#### Exercise goal:
Return the line containing "honda n-box 2020 CFJ1583526 image 2" together with every later line up to the end of the records, exactly and with no pictures; return nothing else.

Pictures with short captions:
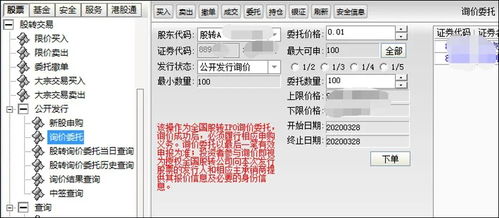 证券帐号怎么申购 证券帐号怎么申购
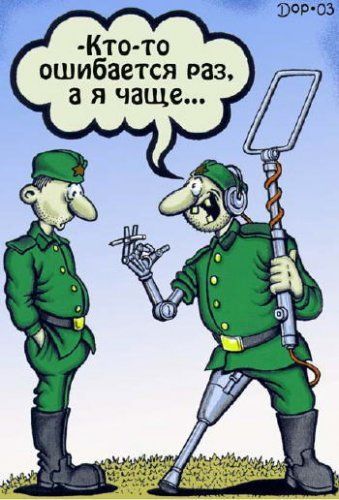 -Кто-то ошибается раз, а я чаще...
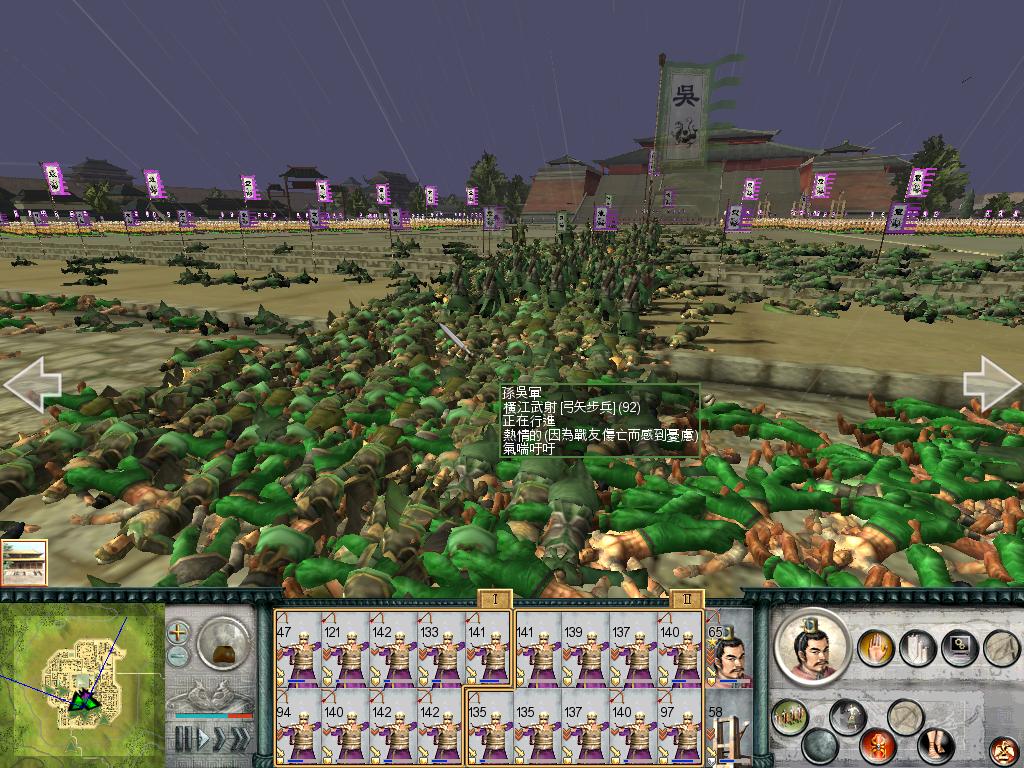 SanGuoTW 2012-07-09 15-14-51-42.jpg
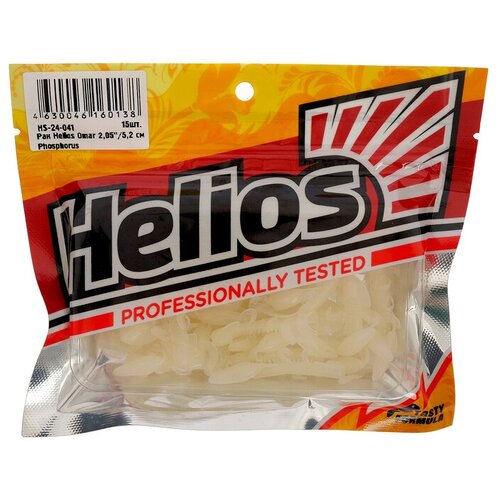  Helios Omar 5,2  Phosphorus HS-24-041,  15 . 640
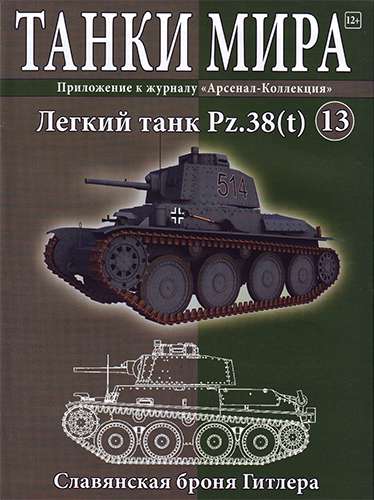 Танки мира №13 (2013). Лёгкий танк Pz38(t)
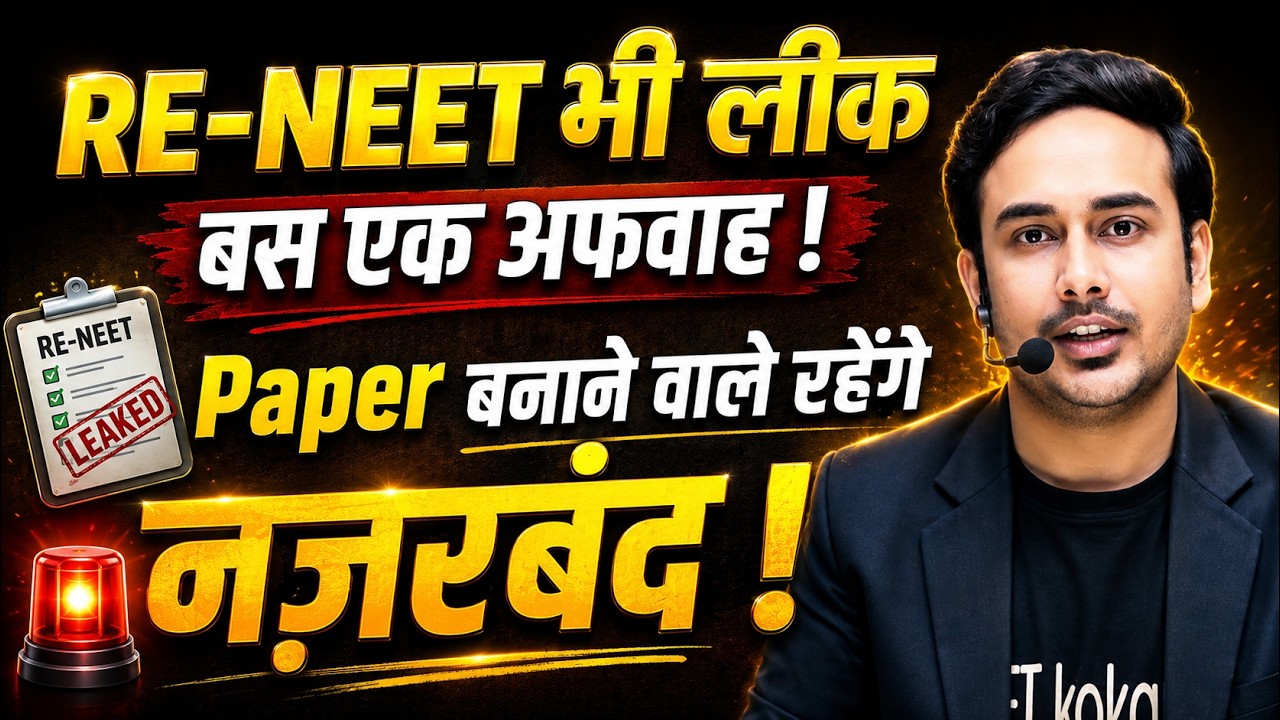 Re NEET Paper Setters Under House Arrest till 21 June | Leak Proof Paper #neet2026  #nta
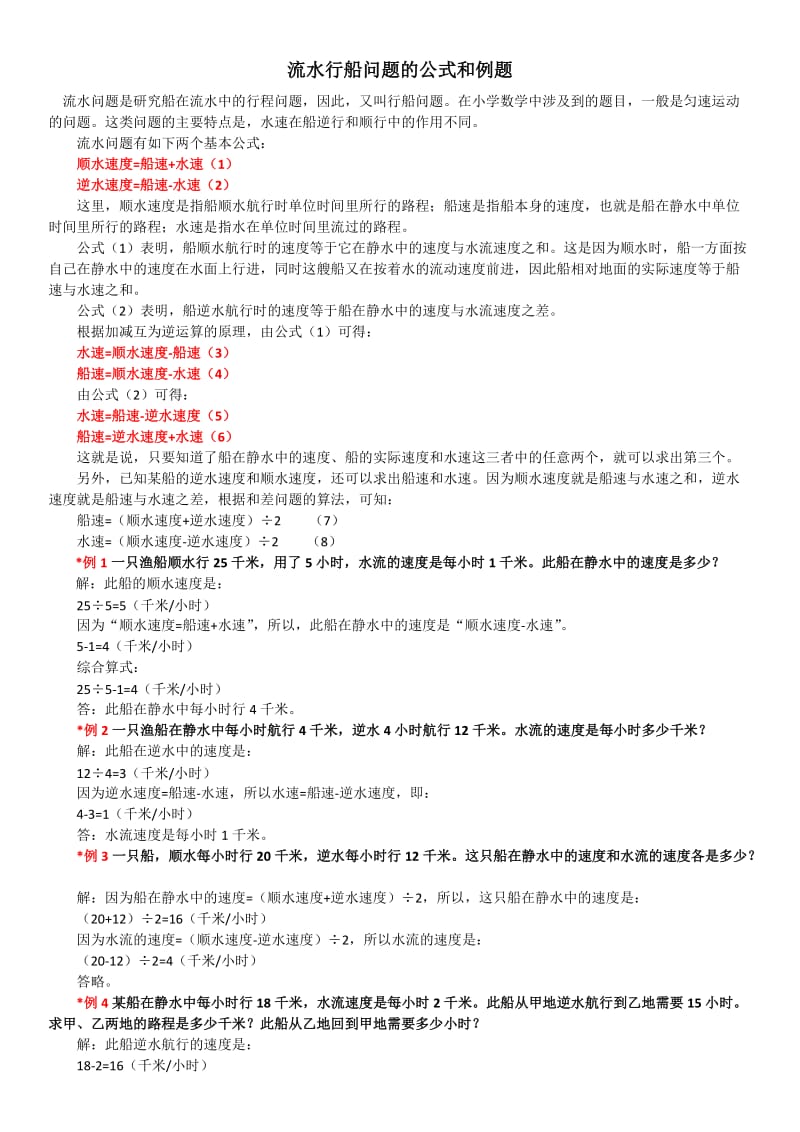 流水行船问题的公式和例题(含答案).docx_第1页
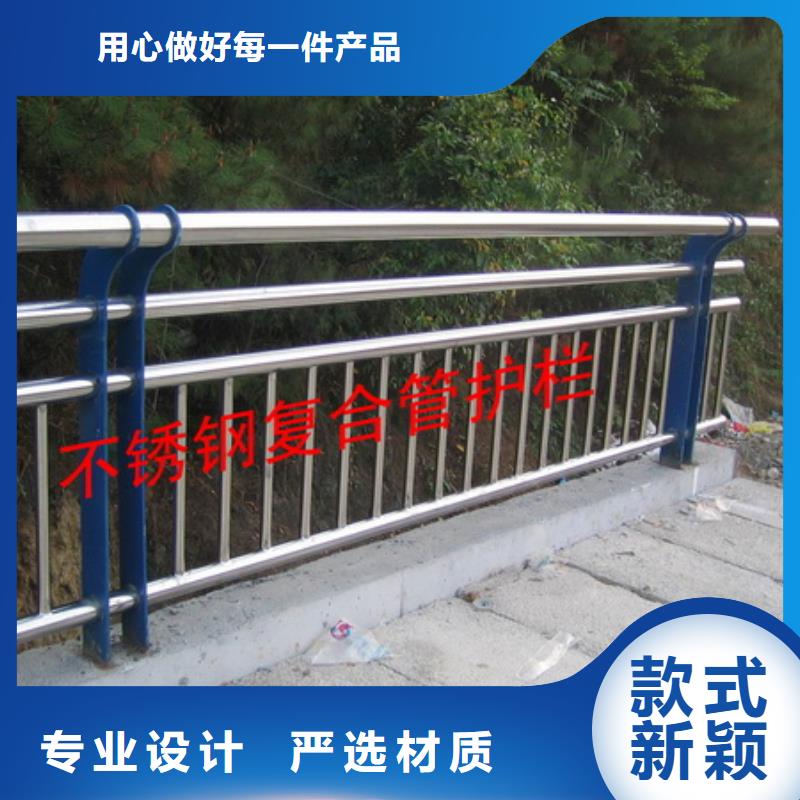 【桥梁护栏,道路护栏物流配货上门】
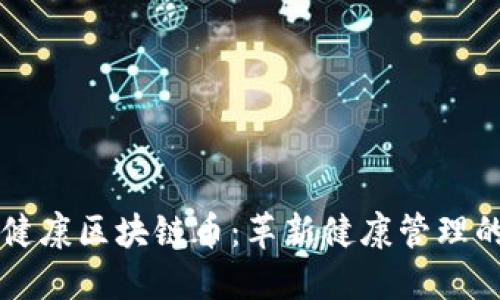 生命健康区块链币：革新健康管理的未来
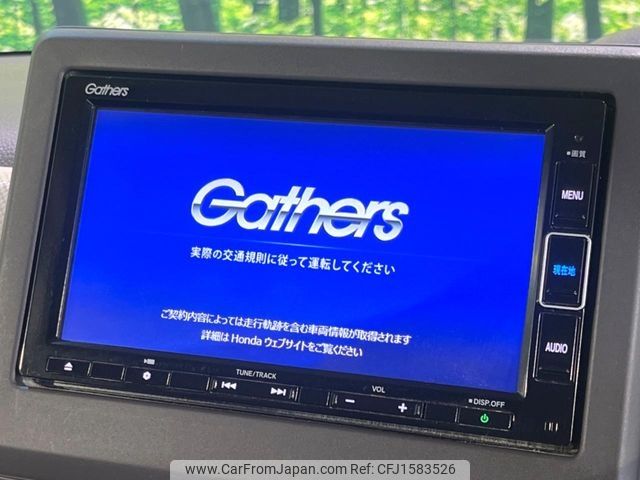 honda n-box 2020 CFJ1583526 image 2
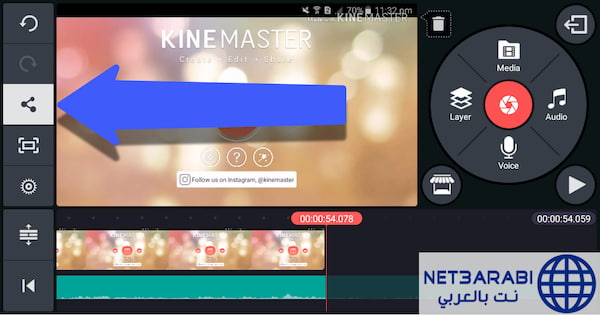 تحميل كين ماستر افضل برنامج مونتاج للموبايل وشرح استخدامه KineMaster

#### Answer section:
 honda n-box 2020 CFJ1583526 image 2
 تحميل كين ماستر افضل برنامج مونتاج للموبايل وشرح استخدامه KineMaster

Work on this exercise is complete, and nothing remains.